Captioned web image data:
*****

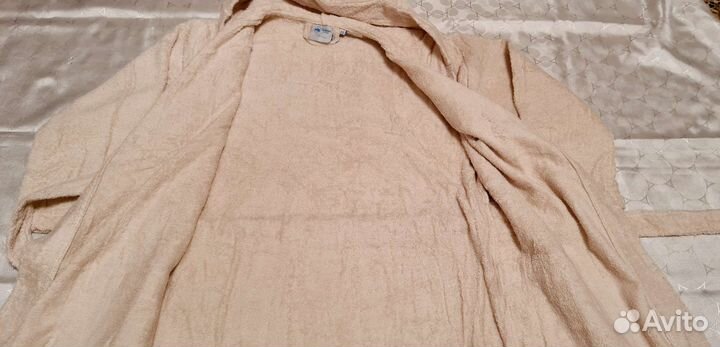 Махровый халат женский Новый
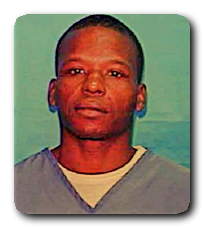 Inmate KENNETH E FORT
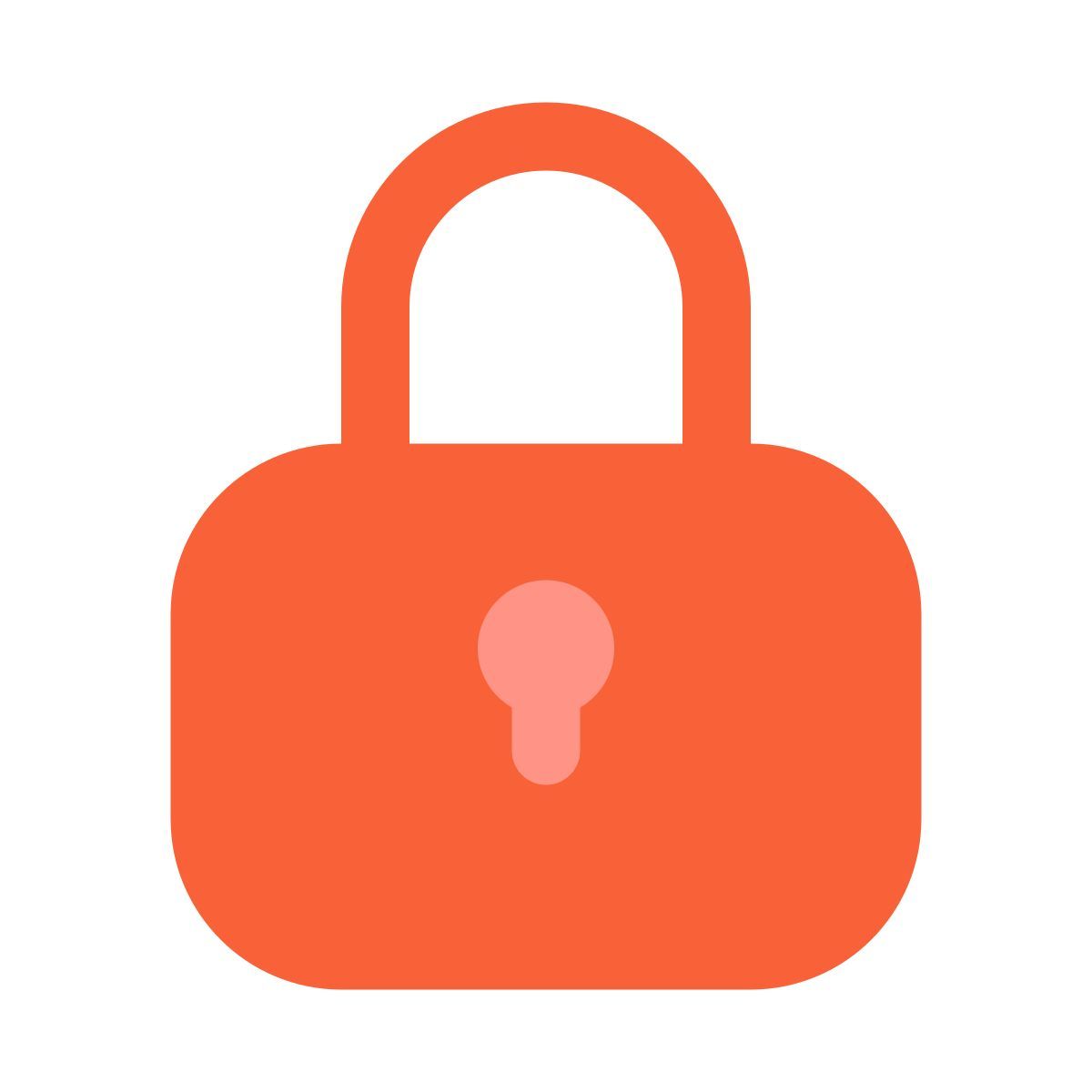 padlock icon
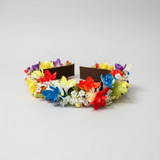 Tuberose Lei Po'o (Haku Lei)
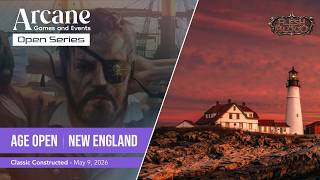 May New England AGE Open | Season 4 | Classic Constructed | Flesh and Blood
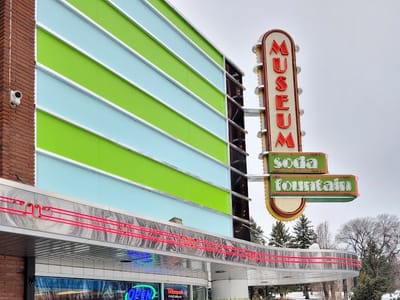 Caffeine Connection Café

*****

== Exercise details ==
Please output only the lines running from the one that holds "padlock icon" through the last line of the entries, both ends included, without any images.

== Reply ==
 padlock icon
 Tuberose Lei Po'o (Haku Lei)
 May New England AGE Open | Season 4 | Classic Constructed | Flesh and Blood
 Caffeine Connection Café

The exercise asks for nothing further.